Records from a dataset >>
________________________________________

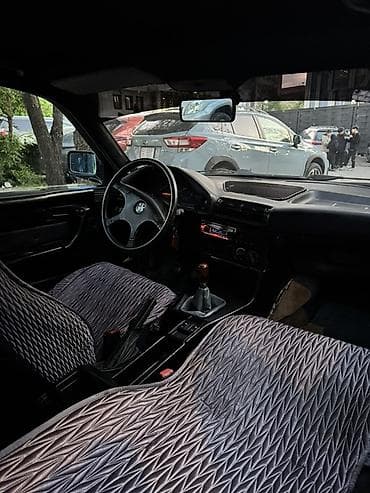 mini cuper: BMW 5 series: 1992 г., 2.5 л, Ручные, Бензин, Седан — 5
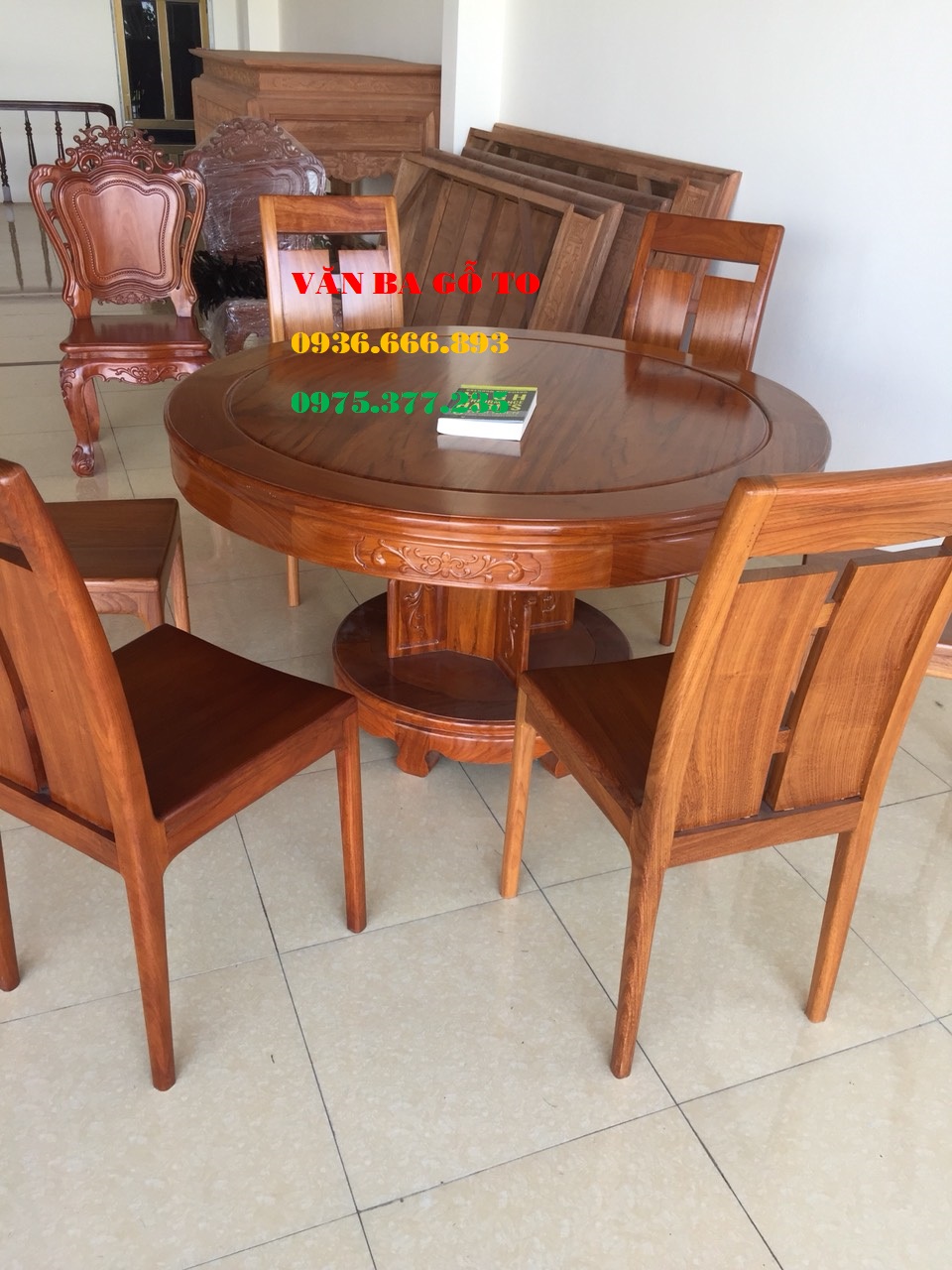 Bàn tròn gỗ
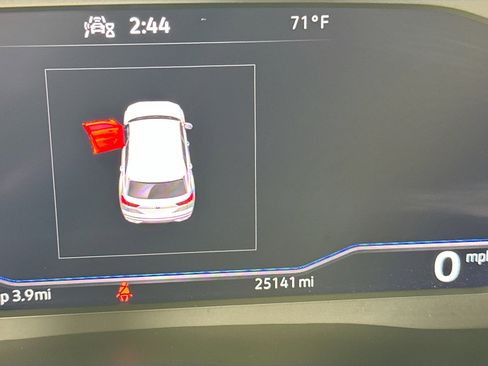 Used 2023 Volkswagen Atlas Cross Sport SE image 12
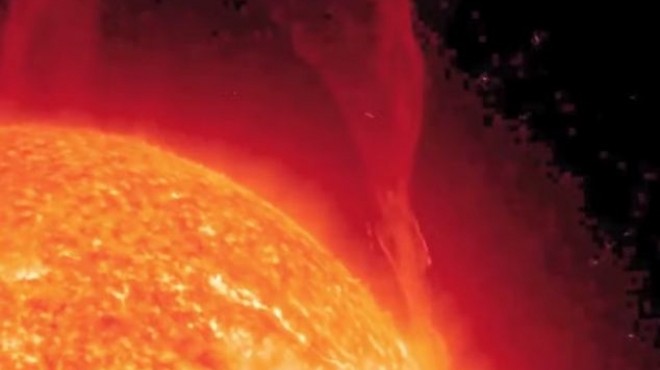 بالفيديو| نجاة كوكب الأرض من أعنف عاصفة شمسية مدمرة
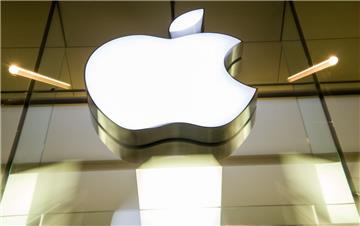 Ein kleineres iPhone und ein hochgerüstetes iPad waren von Apple erwartet worden. Aber beim Preis des iPhone SE ging Apple tiefer als bisher bei älteren Einstiegsmodellen - und machte auch gleich seine Computer-Uhr billiger. Zudem gab es einen Recycling-Roboter zu sehen.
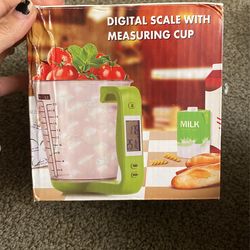 digital scale with measurement cup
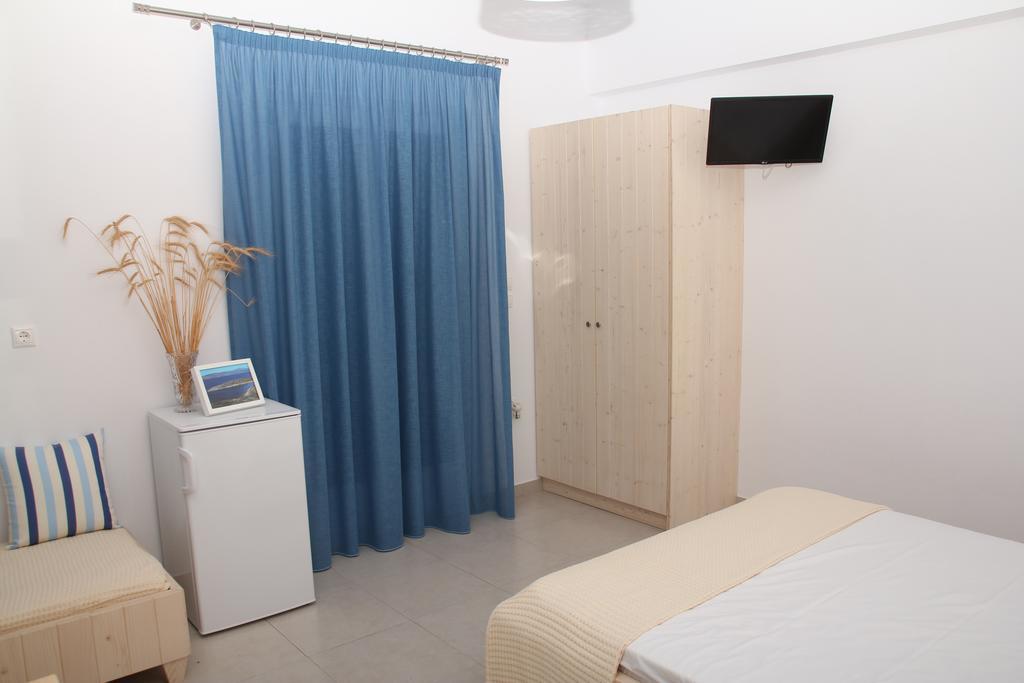 Отель Meltemi Retreat Ираклия Экстерьер фото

________________________________________

INSTRUCTIONS FOR THE TASK >> Your answer must be an exact copy of the lines from the line with "Bàn tròn gỗ" to the final line of the data, both ends included, and no pictures.

ANSWER TO THIS PROBLEM >>
 Bàn tròn gỗ
 Used 2023 Volkswagen Atlas Cross Sport SE image 12
 بالفيديو| نجاة كوكب الأرض من أعنف عاصفة شمسية مدمرة
 Ein kleineres iPhone und ein hochgerüstetes iPad waren von Apple erwartet worden. Aber beim Preis des iPhone SE ging Apple tiefer als bisher bei älteren Einstiegsmodellen - und machte auch gleich seine Computer-Uhr billiger. Zudem gab es einen Recycling-Roboter zu sehen.
 digital scale with measurement cup
 Отель Meltemi Retreat Ираклия Экстерьер фото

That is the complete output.